Problem: Begin at the line containing "1976 H-D SHOVEL RIGID CHOPPER" and retype each line through the end of the records exactly. Include nothing else and no pictures.

Image-caption web data:
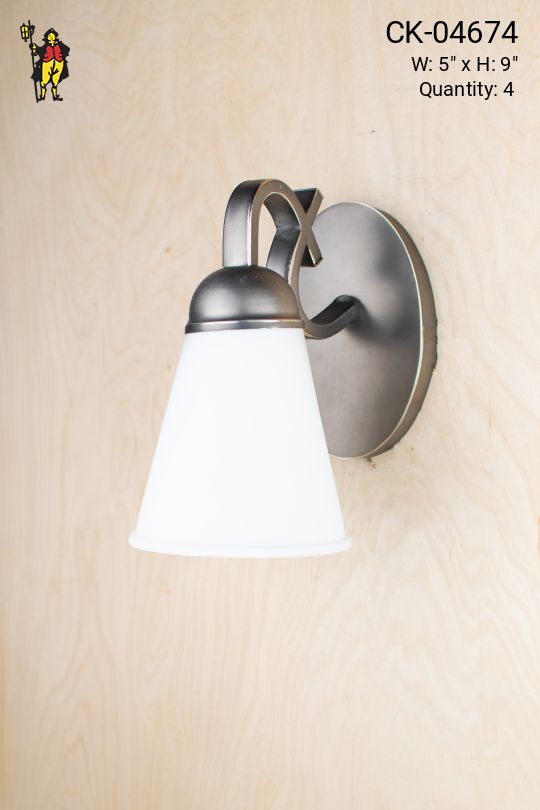 Nickel Single Downlight Wall Sconce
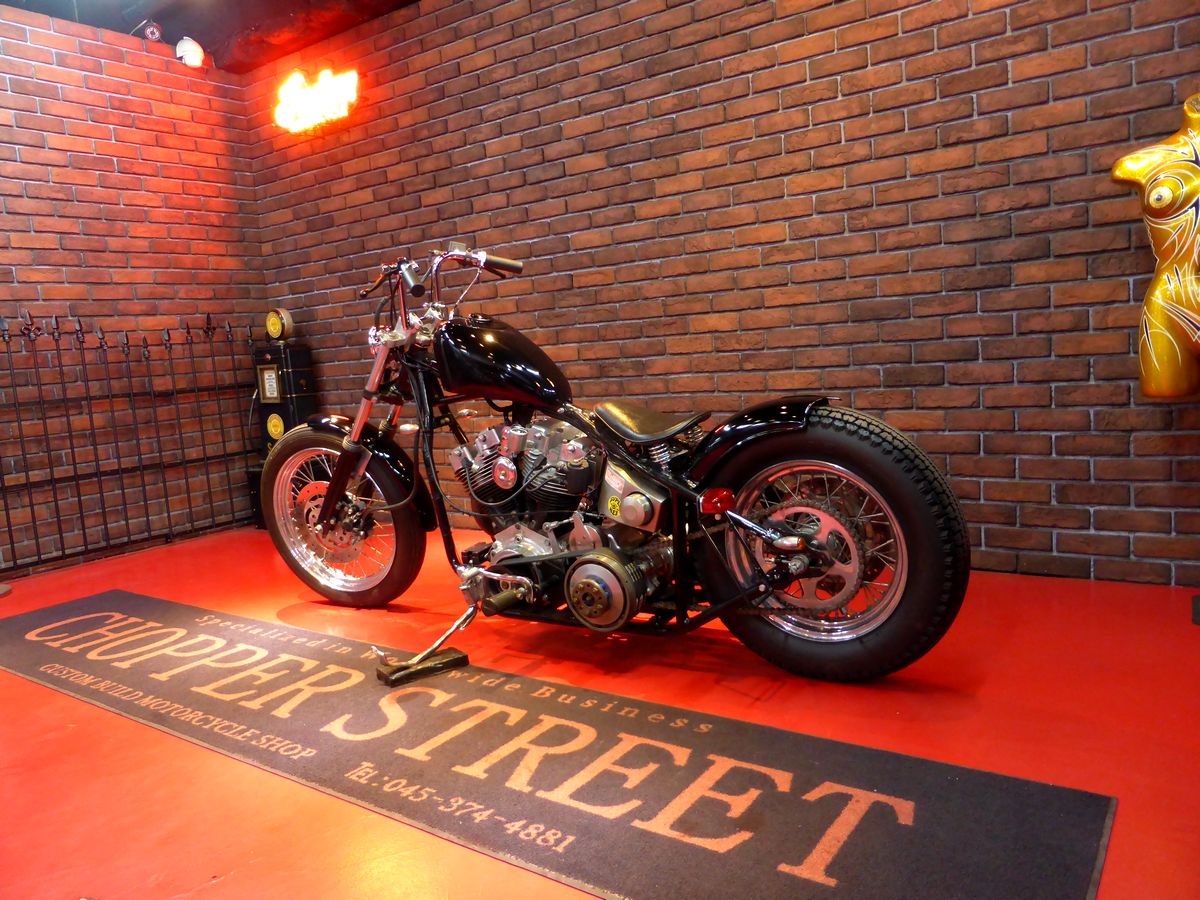 1976 H-D SHOVEL RIGID CHOPPER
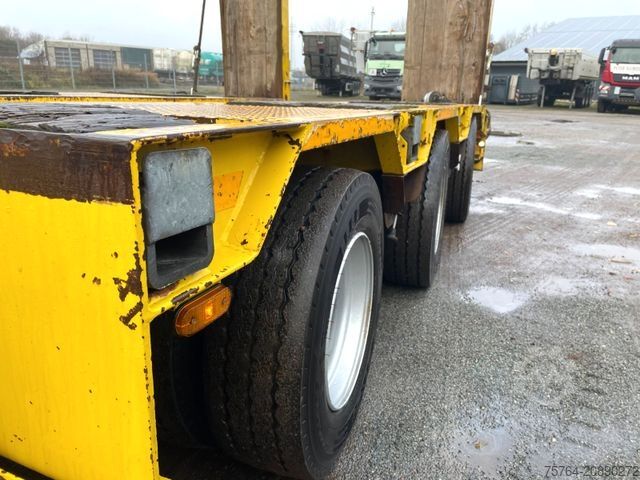 Tieflader-Sattelauflieger GOLDHOFER STZ-VLS4-37/80 Tiefbett + SX 1-25/80 Dolly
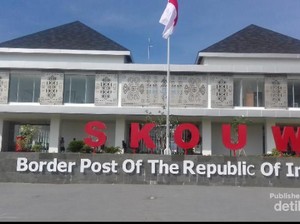 Cantiknya Tapal Batas Indonesia di Skouw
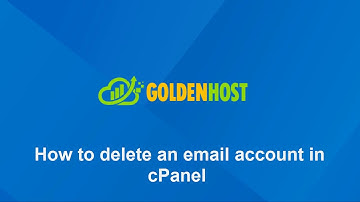 cPanel Tutorial! How to delete and email account in cPanel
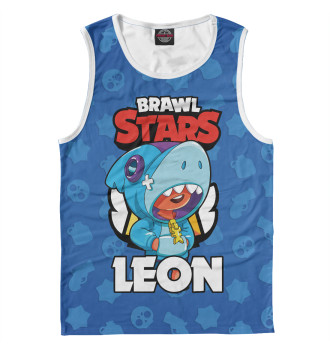 Майка Brawl Stars Leon Shark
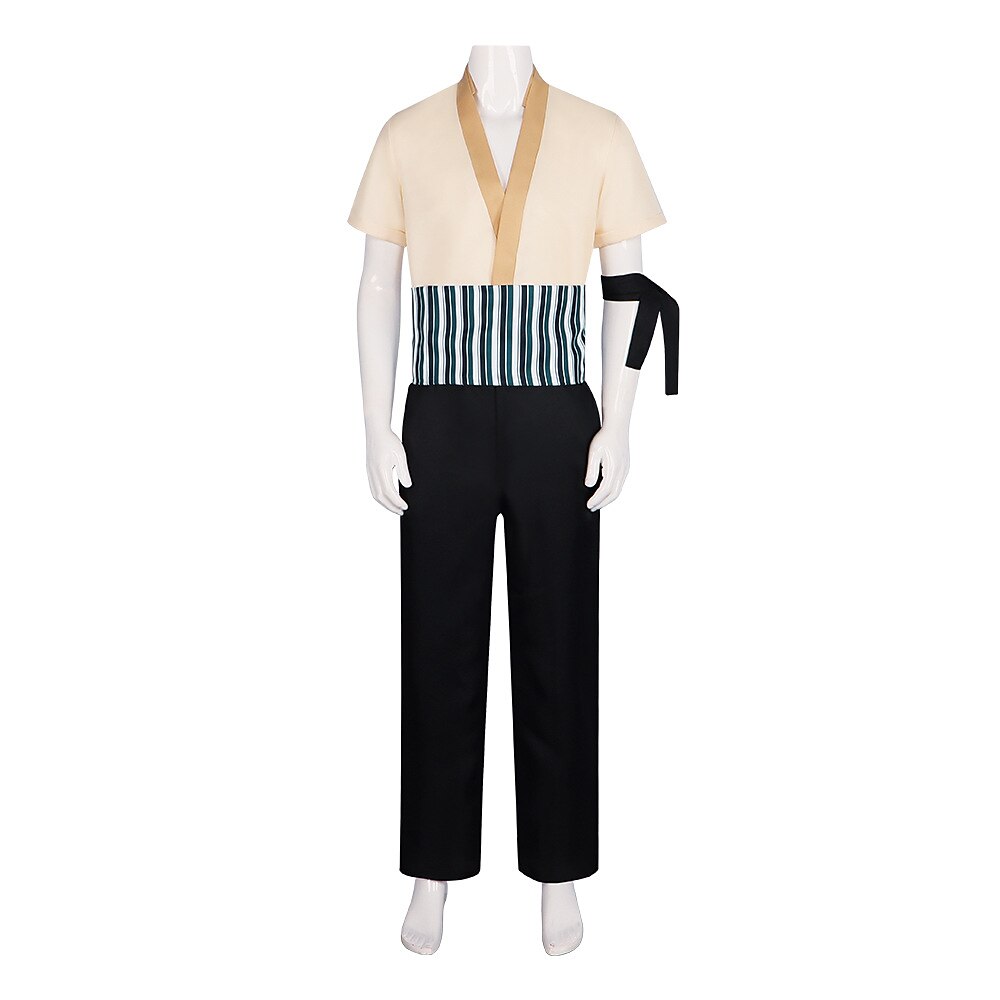 Ocean Adventurer Roronoa Zoro Straw Hat Pirate Anime Cosplay Suits Kimono Halloween Carnival Top Pants Earrings For Men's Women's Adults' 2026 - $53.99 –P2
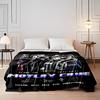 Motley Crue 40th Anniversary Band Design Flannel blanket for bedroom, living room, sofa, and nap sofas.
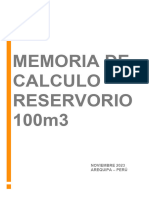 Memoria de Calculo Estructuras Reservorio 100M3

Response box:
 1976 H-D SHOVEL RIGID CHOPPER
 Tieflader-Sattelauflieger GOLDHOFER STZ-VLS4-37/80 Tiefbett + SX 1-25/80 Dolly
 Cantiknya Tapal Batas Indonesia di Skouw
 cPanel Tutorial! How to delete and email account in cPanel
 Майка Brawl Stars Leon Shark
 Ocean Adventurer Roronoa Zoro Straw Hat Pirate Anime Cosplay Suits Kimono Halloween Carnival Top Pants Earrings For Men's Women's Adults' 2026 - $53.99 –P2
 Motley Crue 40th Anniversary Band Design Flannel blanket for bedroom, living room, sofa, and nap sofas.
 Memoria de Calculo Estructuras Reservorio 100M3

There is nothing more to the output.